İnişlerin-  çıkışların yaşandığı maçta hataların çokluğu gözlerden kaçmadı. Karşılaşma adeta Vargas- Haak düellosu şeklinde geçti. Vargas 47 pas aldı. 30 sayı üretti. Haak 64 kez topla buluştu, 33 sayıyla en skorer oldu.

Serinin 2. müsabakasını bu kez Vakıfbank aldı: 3-1 (25-16, 19-25, 25-21, 25-20). Kısa notlara da  bakalım: Yine; Haak (27)- Vargas 22 sayı) düellosu yaşandı. Ancak bu kadar iyi hücum eden oyuncuların, 4 setlik maçı bloksuz tamamlamalarını yadırgadığımı da vurgulamalıyım. Sadece onlar da değil, Diğer köşe oyuncuları Hackley de bloktan sayı bulamadı, Gabi’nin ise 1 bloğu vardı. Fenerbahçe de; Fedorovtseva ile Meliha’nın da blok sayısı yoktu. Vakıfbank 12, Fenerbahçe 3 blok sayısıyla maçı tamamladılar. 

3. maç: Vakıfbank’ın evinde oynandı. Ancak 1-3 (25-20, 24-26, 17-25, 19-25) kazanan Fenerbahçe oldu ve seride 1-2 öne geçti.

İlk seti kaybeden sarı- lacivertliler hep önde götürdükleri 2. sette 20-24’ de  yaptıkları hatalarla işi zora soktularsa da (24-24), seti 24-26 koparmayı başardılar. Sonrası ise beklenenden kolay geldi.

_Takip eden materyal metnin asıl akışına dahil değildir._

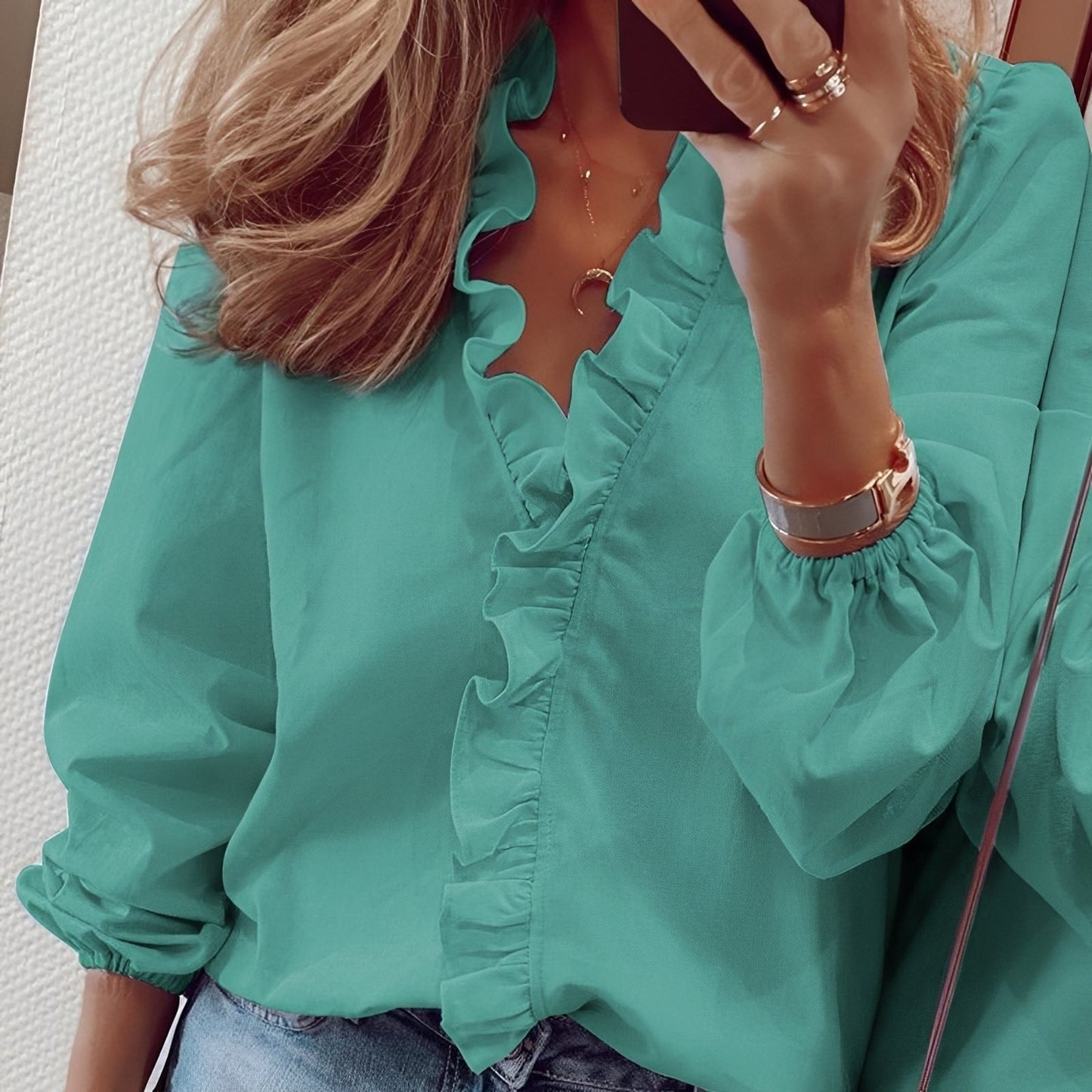 Martha - Elegante Bluse mit Rüschen und V-Ausschnitt für Damen
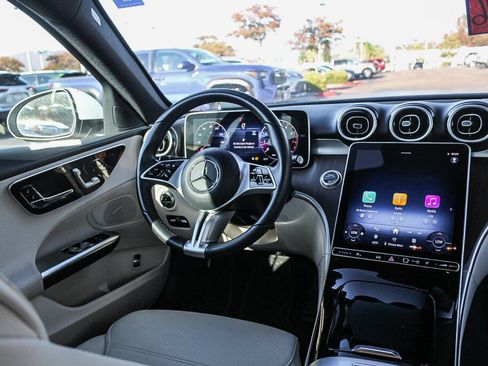 Used 2025 Mercedes-Benz C 300 4MATIC Sedan image 3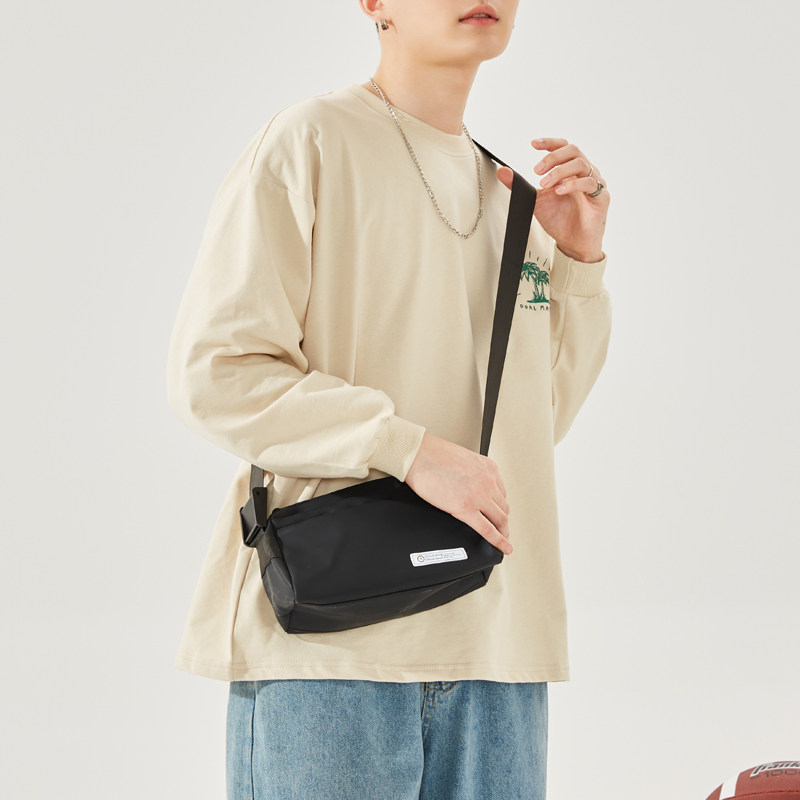 新品特惠唐狮2022新款男士斜挎包 唐狮男士包袋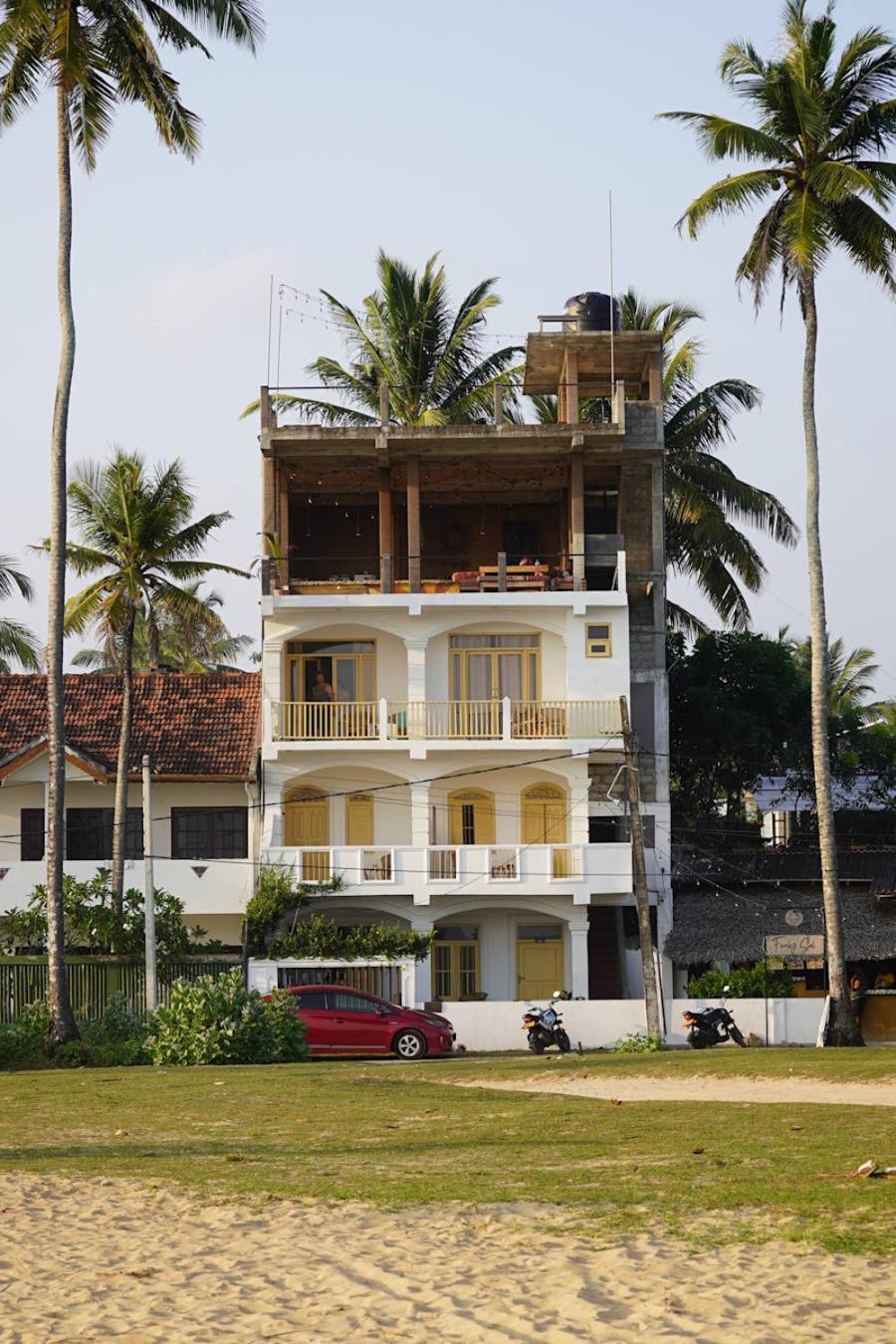 Funky Sol - Sunset Rooftop Bar, Hotel & Restaurant Weligama Buitenkant foto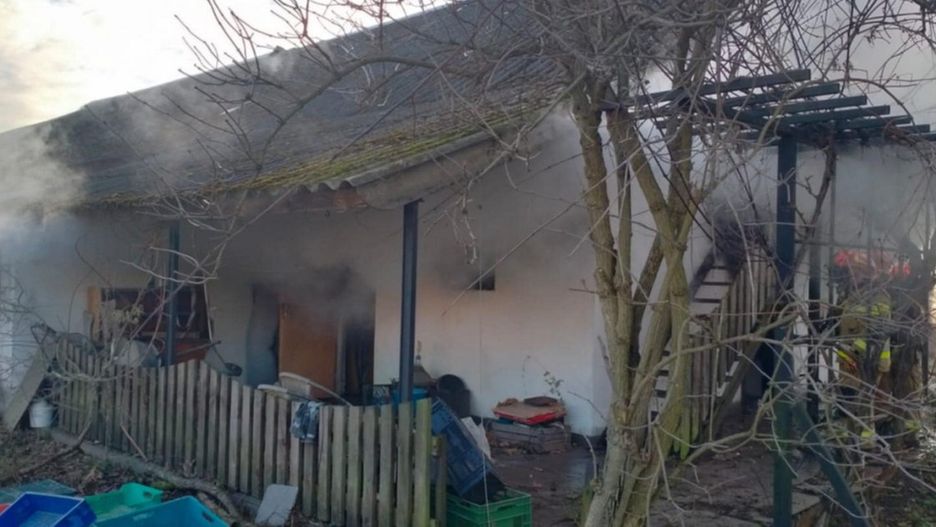 Pożar domu w Zawadzie. Fot. Policja Opatów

2-3 (25-23, 25-19, 19-25, 14-25, 14-16) biten 4. Müsabaka unutulması zor anlara sahne oldu. Fenerbahçe seyircisinin desteğiyle 2-0 öne geçti.

3. setin ortalarında da 17-13’lük büyük bir avantaj yakaladı. Ne var ki bu bölümlerde Hacley- Tuğba değişikliği, Tuğba’nın servis- defans- hücum da çok iyi bir performans göstermesiyle ibre Vakıfbank’a döndü. 19-18’den sonra alınan 7 sayıyla (19-25) seti alarak hem moral buldular, hem de maç için umutlandılar.

Sarı- Lacivertlilerde kaçan büyük fırsatın moralsizliği, yeniden umutlanarak oyuna asılan Vakıfbank’ın oyunun kontrolünü eline geçirmesi sonucu 4. seti açık farkla (14-25) misafir ekip alıp skoru 2-2 yaptı.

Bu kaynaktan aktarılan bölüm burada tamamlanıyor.